In a few minutes they had laid the blood-stained and unconscious Radowitz on his bed, and were trying in hideous anxiety to bring him round. The moment when he first opened his eyes was one of unspeakable relief to the men who in every phase of terror and remorse were gathered round him. But the eyelids soon fell again.
“You’d better go, you fellows,” said Falloden, looking round him. “Robertson and I and Desmond will see the doctor.”
The others stole away. And the three men kept their vigil. The broad-shouldered Wykehamist, utterly unnerved, sat by the bed trembling from head to foot. Desmond kept watch over the tourniquet.
Falloden stood a little apart, in a dead silence, his eyes wandering occasionally from the figure on the bed to the open window, through which could be seen the summer sky, and a mounting sun, just touching the college roofs. The college clock struck half past four. Not two hours since Radowitz and Constance Bledlow had held the eyes of Oxford in the Magdalen ballroom.
CHAPTER X
Radowitz woke up the following morning, after the effects of the dose of morphia administered by the surgeon who had dressed his hand had worn off, in a state of complete bewilderment. What had happened to him? Why was he lying in this strange, stiff position, propped up with pillows?
He moved a little. A sharp pain wrung a groan from him. Then he perceived his bandaged hand and arm; and the occurrences of the preceding night began to rush back upon him. He had soon reconstructed them all; up to the moment of his jumping into the fountain. After that he remembered nothing.
He had hurt himself somehow in the row, that was clear. A sudden terror ran through him. “It’s my right hand!—Good God! if I lost my hand!—if I couldn’t play again!” He opened his eyes, trembling, and saw his little college room; his clothes hanging on the door, the photographs of his father and mother, of Chopin and Wagner on the chest of drawers. The familiar sight reassured him at once, and his natural buoyancy of spirit began to assert itself.

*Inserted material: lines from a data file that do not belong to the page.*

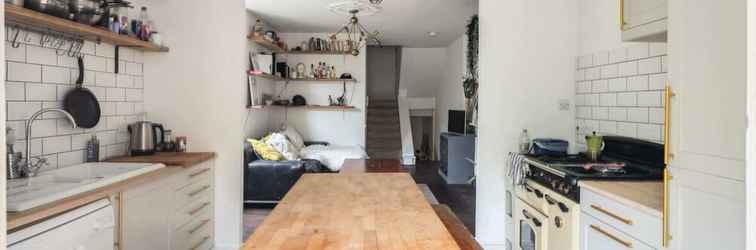 Sảnh chờ Gorgeous and Vibrant 3 Bedroom Apartment in London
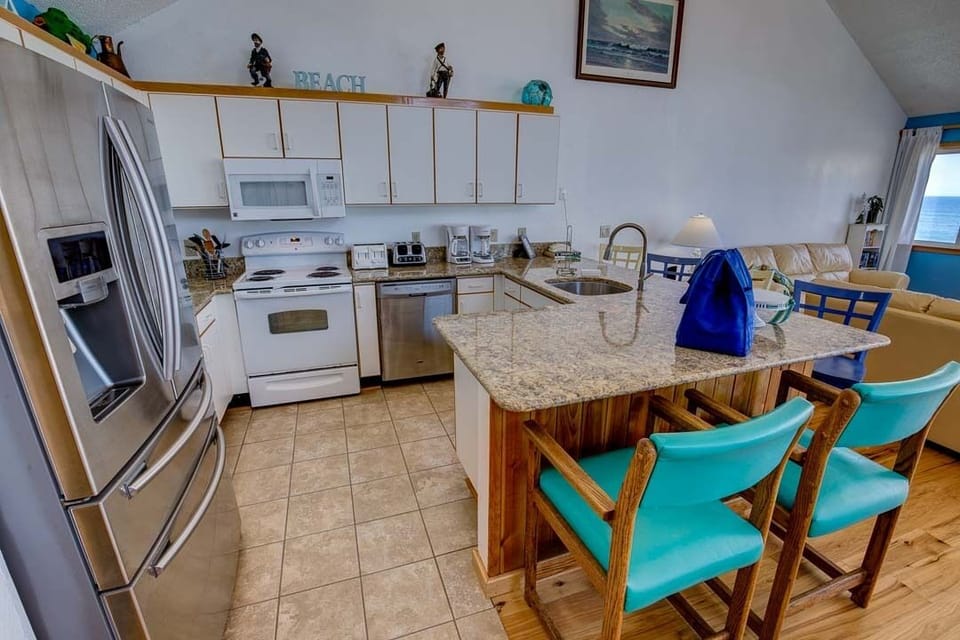 Top-Level Kitchen with Bar (seats 6)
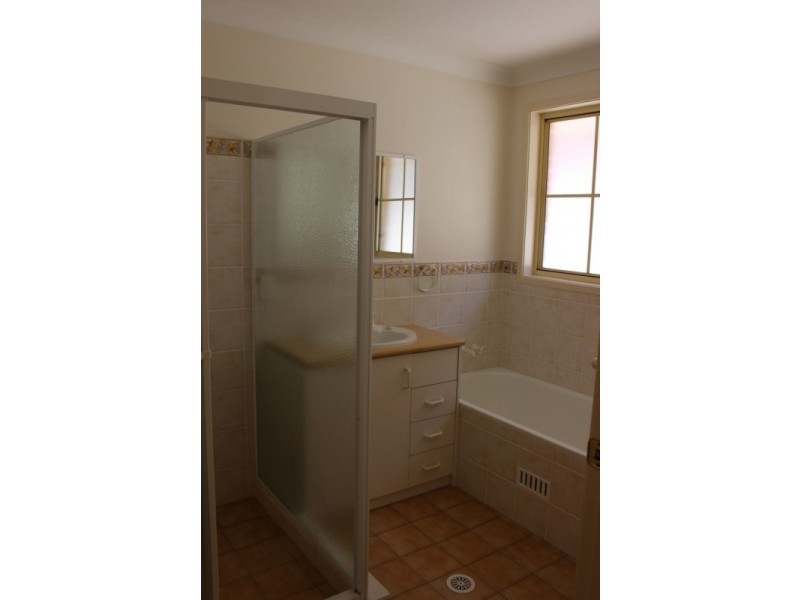 19 Nerida Close, Kotara NSW 2289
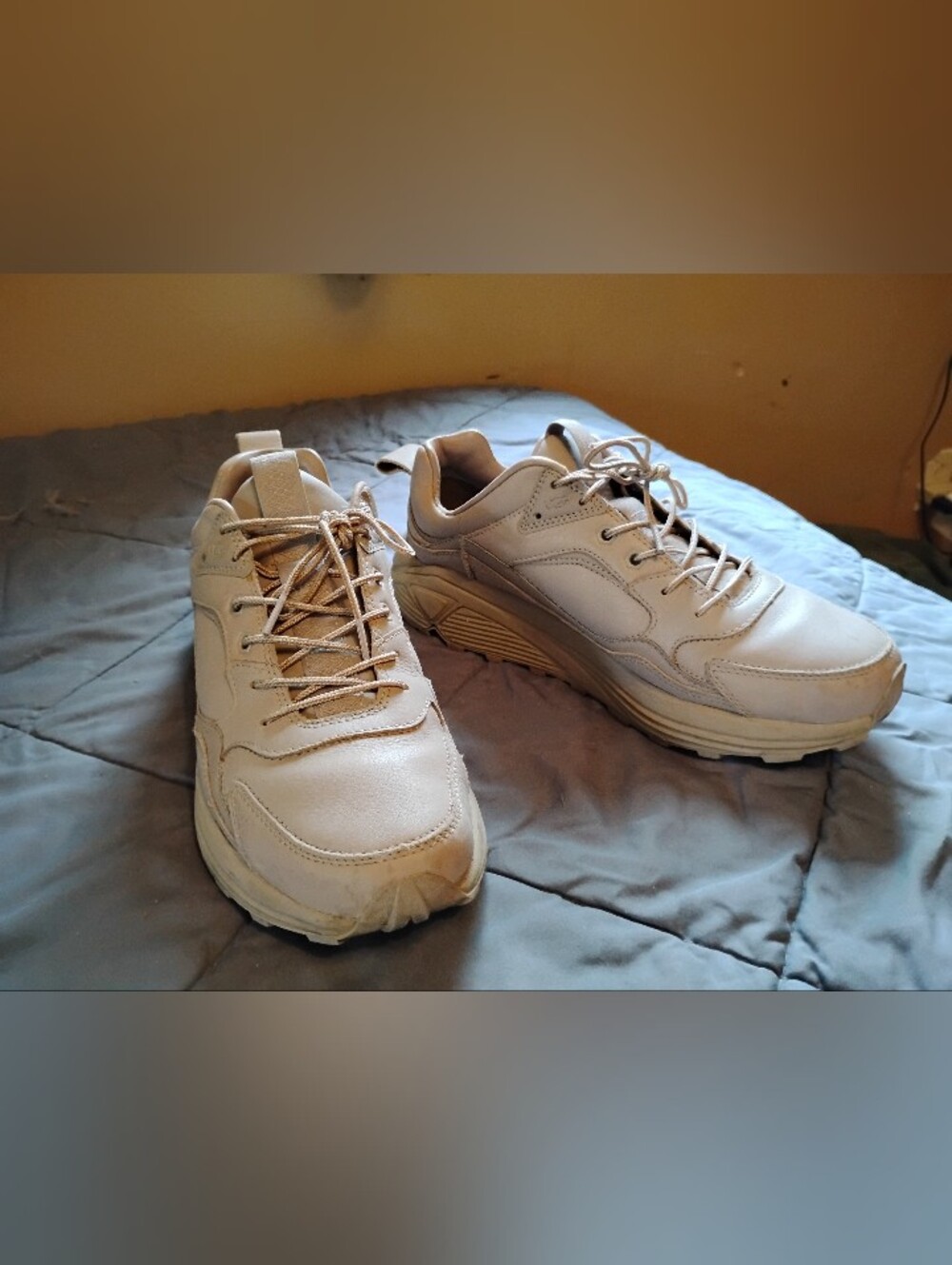 Ugg Vibram Leather Sneakers Size 10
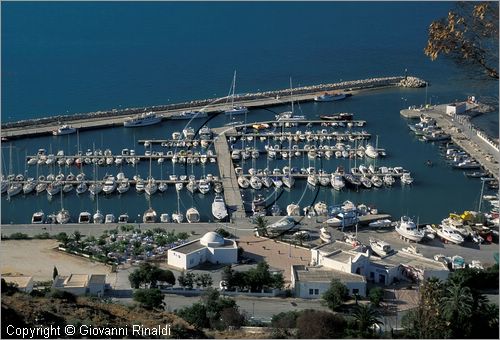 TUNISIA - SIDI BOU SAID - il porto turistico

“I suppose they got a doctor. I seem to remember somebody coming. Bah, it’ll be all right directly. I heal like a baby. I wonder who else was hurt. Who’s that? Come in!”
The door opened, and his scout looked in cautiously. “Thought I heard you moving, sir. May the doctor come in?”
The young surgeon appeared who had been violently rung up by Meyrick some five hours earlier. He had a trim, confident air, and pleasant eyes. His name was Fanning.
“Well, how are you? Had some sleep? You gave yourself an uncommonly nasty wound. I had to set a small bone, and put in two or three stitches. But I don’t think you knew much about it.”
“I don’t now,” said Radowitz vaguely. “How did I do it?”
“There seems to have been a ‘rag’ and you struck your hand against some broken tubing. But nobody was able to give a clear account.” The doctor eyed him discreetly, having no mind to be more mixed up in the affair than was necessary.